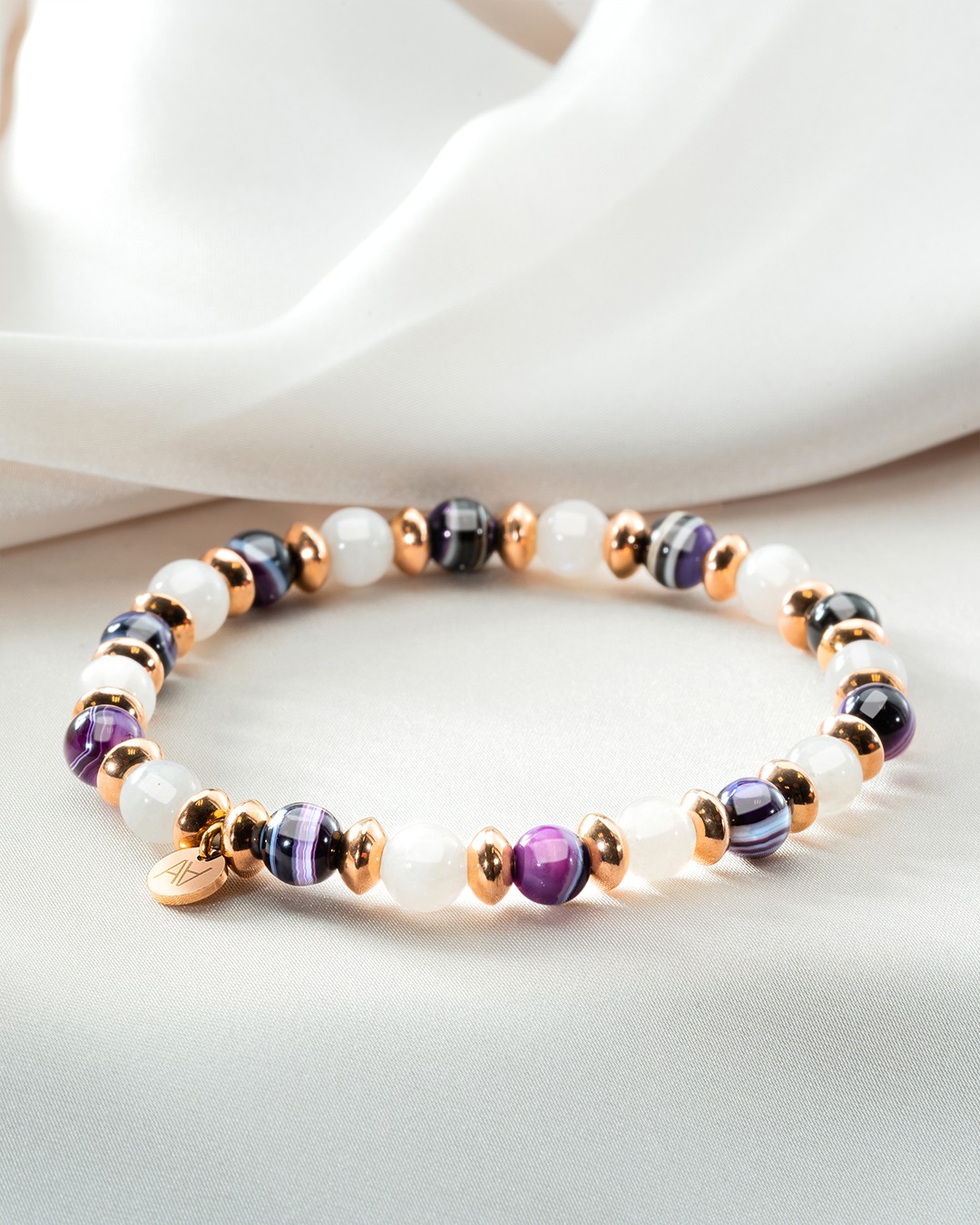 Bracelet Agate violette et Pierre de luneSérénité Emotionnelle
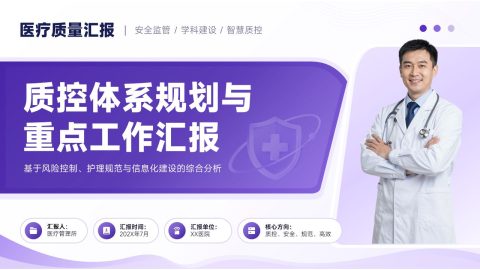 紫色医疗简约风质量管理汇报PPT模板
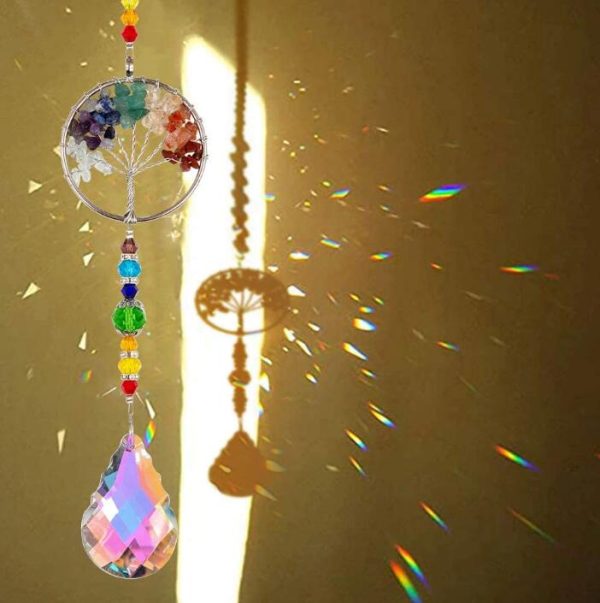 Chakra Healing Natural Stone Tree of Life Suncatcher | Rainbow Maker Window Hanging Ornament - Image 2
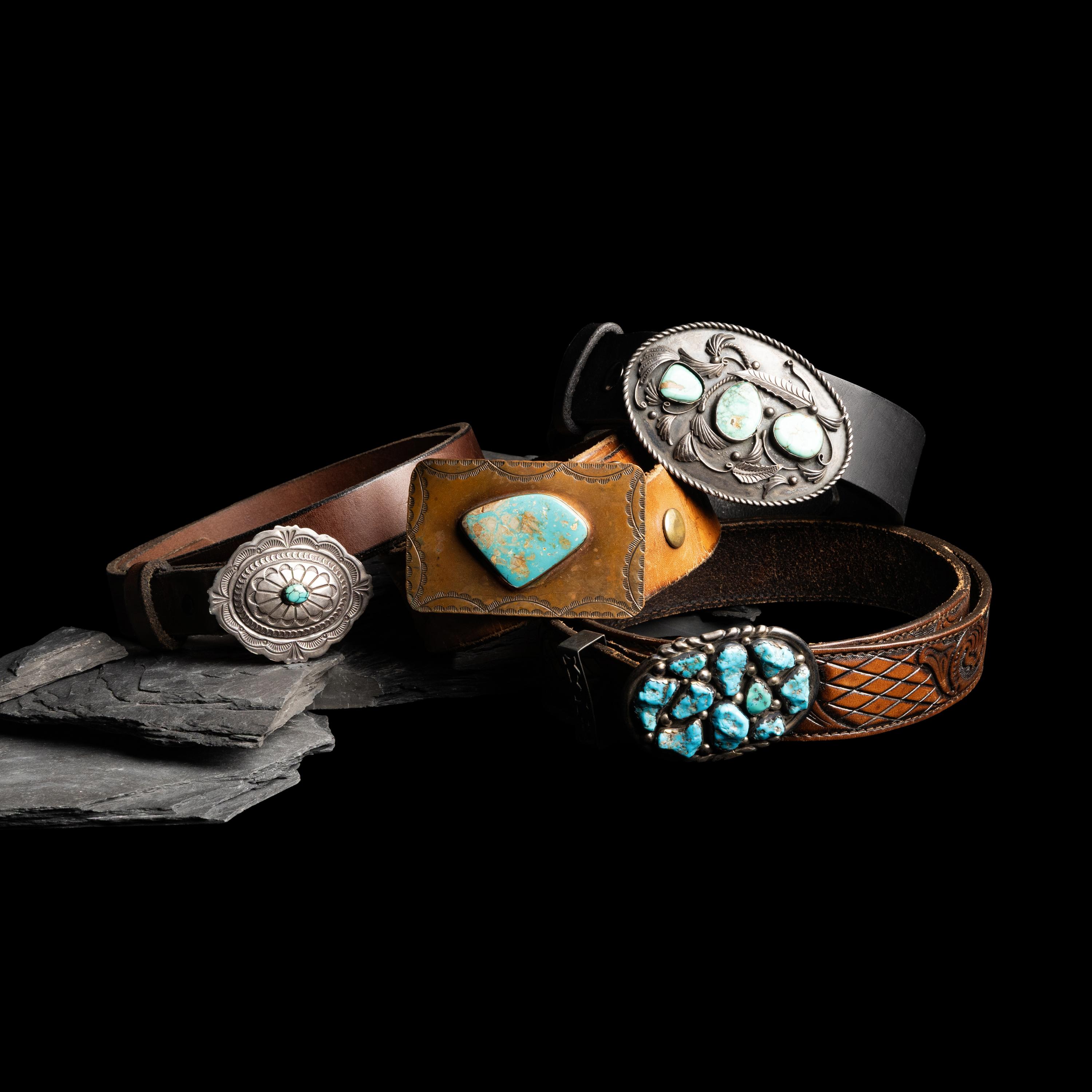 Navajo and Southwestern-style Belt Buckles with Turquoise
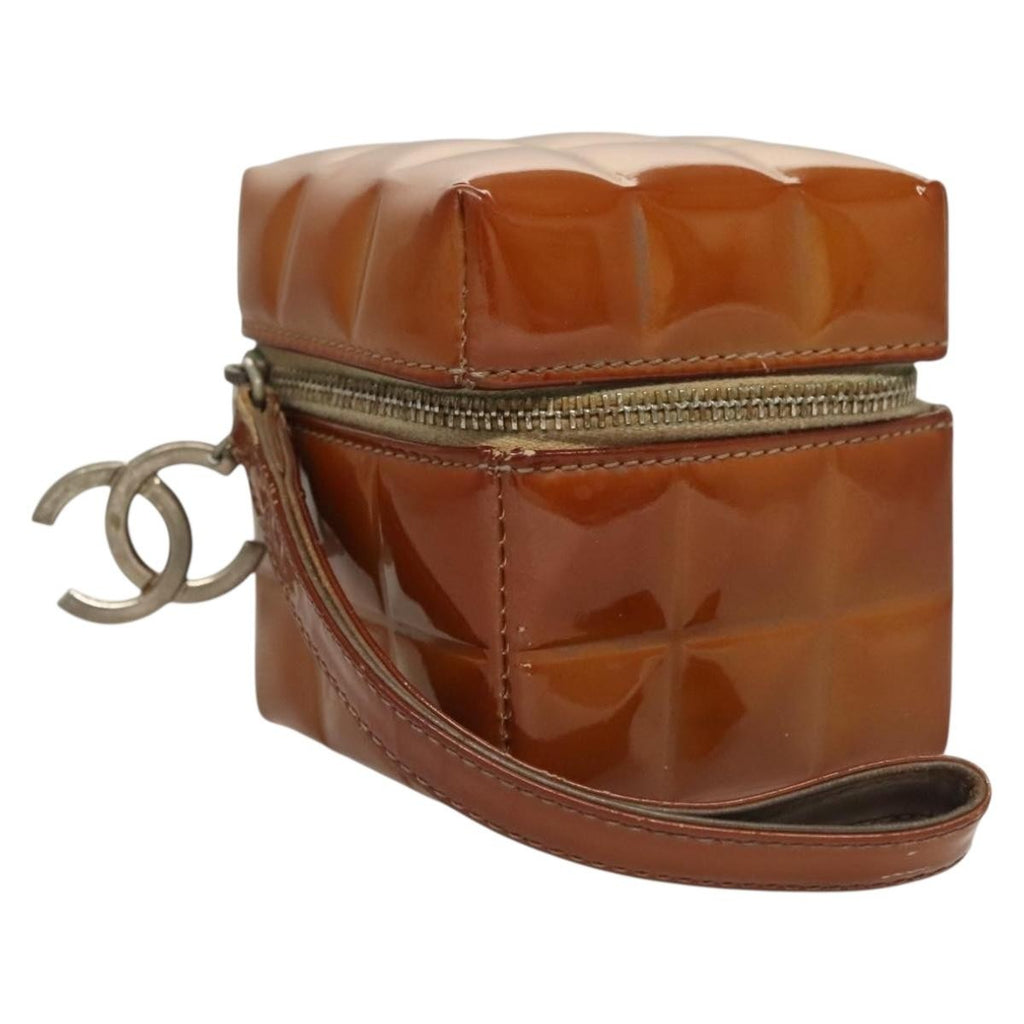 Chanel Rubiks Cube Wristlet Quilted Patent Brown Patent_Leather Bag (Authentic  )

Task item - Transcribe the whole listing above exactly and leave out the pictures.

Written solution -
 Bracelet Agate violette et Pierre de luneSérénité Emotionnelle
 紫色医疗简约风质量管理汇报PPT模板
 Chakra Healing Natural Stone Tree of Life Suncatcher | Rainbow Maker Window Hanging Ornament - Image 2
 Navajo and Southwestern-style Belt Buckles with Turquoise
 Chanel Rubiks Cube Wristlet Quilted Patent Brown Patent_Leather Bag (Authentic  )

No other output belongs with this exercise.